Fratricidal Georgia

December 24, 1991

The fratricide going on in the Republic of Georgia, a fertile and historic land on the shores of the Black Sea, is a stark reminder of the potential for violence in the former Soviet Union. About the only good thing that may come out of this senseless bloodletting is the possibility that Georgia, the only holdout among former Soviet republics, may get a new, democratic leader and join the new Commonwealth of Independent States.

The confrontation in Georgia has been building for months as opposition to President Zviad Gamsakhurdia's autocratic rule mounted. Even before the weekend's fighting, Georgia had become a new Yugoslavia, a time bomb ticking away. Tensions have been high ever since September, when the president removed Tengiz Kitovani from the leadership of the Georgian National Guard. The commander took 15,000 guardsmen and organized them into a private, anti-Gamsakhurdia army.

Calling his opponents "criminals" who were directed from Moscow by Foreign Minister Edward Shevardnadze, an ethnic Georgian and former leader of the republic, Mr. Gamsakhurdia refused to seek a negotiated settlement. That hard-headedness has seriously eroded the popularity of the erratic president, who was elected in a landslide seven months ago.

While many foreign governments have severely criticized Mr. Gamsakhurdia's recent record on human rights and freedom of the press, his failure to condemn August's coup d'etat attempt in Moscow raised serious questions about his commitment to reforms and democratic ideals. A once-jailed former human rights activist himself, Mr. Gamsakhurdia insists such criticism is unwarranted but pledges, "We will not allow anarchy in Georgia or an orgy by the dark forces of the Kremlin."

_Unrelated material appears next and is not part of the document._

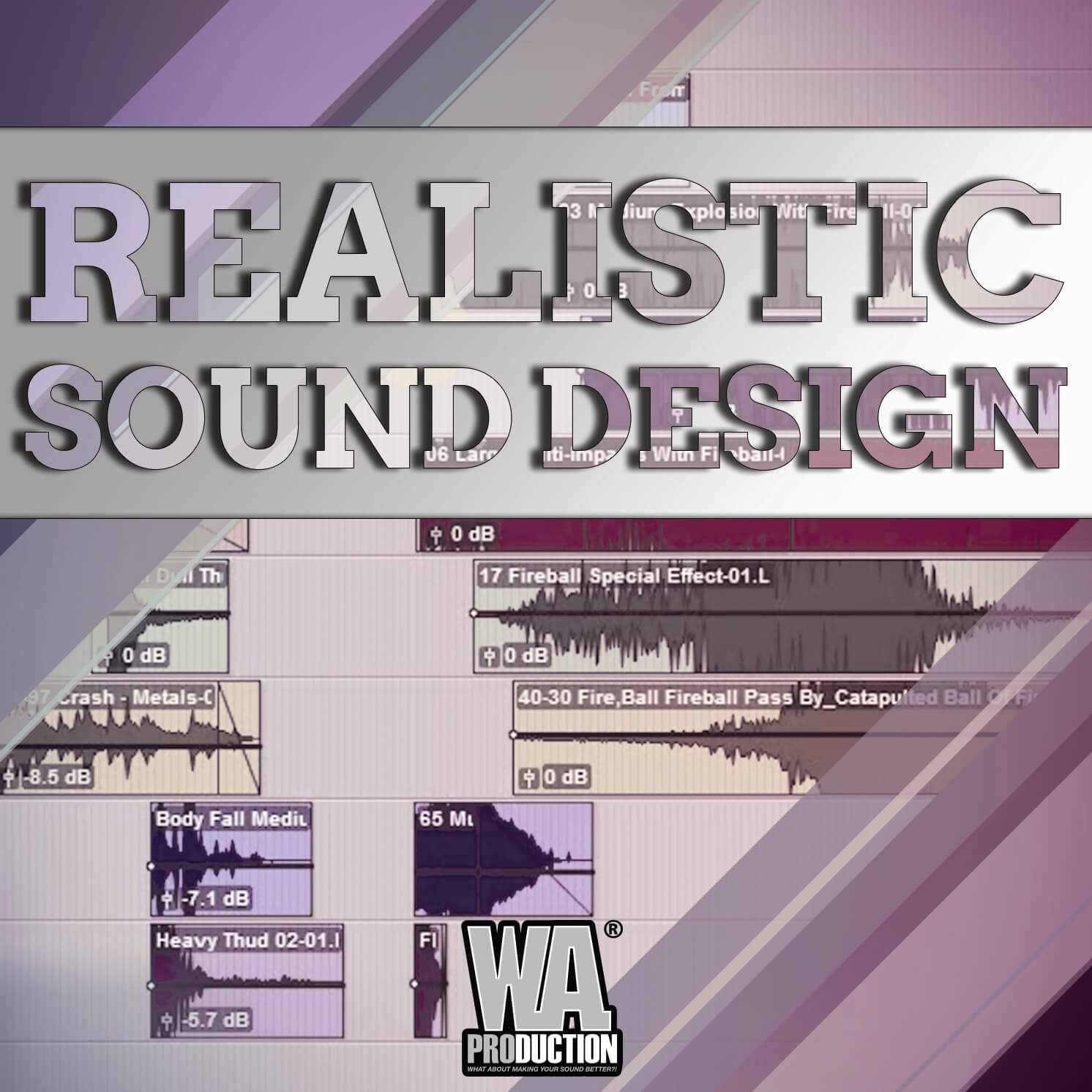Layering to Create Realistic Sound Effects | W. A. Production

Even if he survives the violent attempt to oust him, Mr. Gamsakhurdia has no real future as Georgia's leader, unless he is prepared to squash his opposition with merciless repression. His best course would be to step down voluntarily and make room for a healer. With the collapse of the Soviet Union, Mr. Shevardnadze has emerged as one possibility. As Georgia's communist chief, he ruled Georgia intelligently from 1972 to 1985, trying fearlessly to uproot crime and corruption. His subsequent political behavior has shown him to be a man of principle and conviction. Those are qualities that Georgia could now use.

With its access to the Black Sea, strategic location on the Turkish border and inventive people, Georgia has much going for it. This ancient land -- the rich Colchis of Greek legend -- deserves better than the megalomaniacal autocracy of President Gamsakhurdia. The sooner he is gone, the better.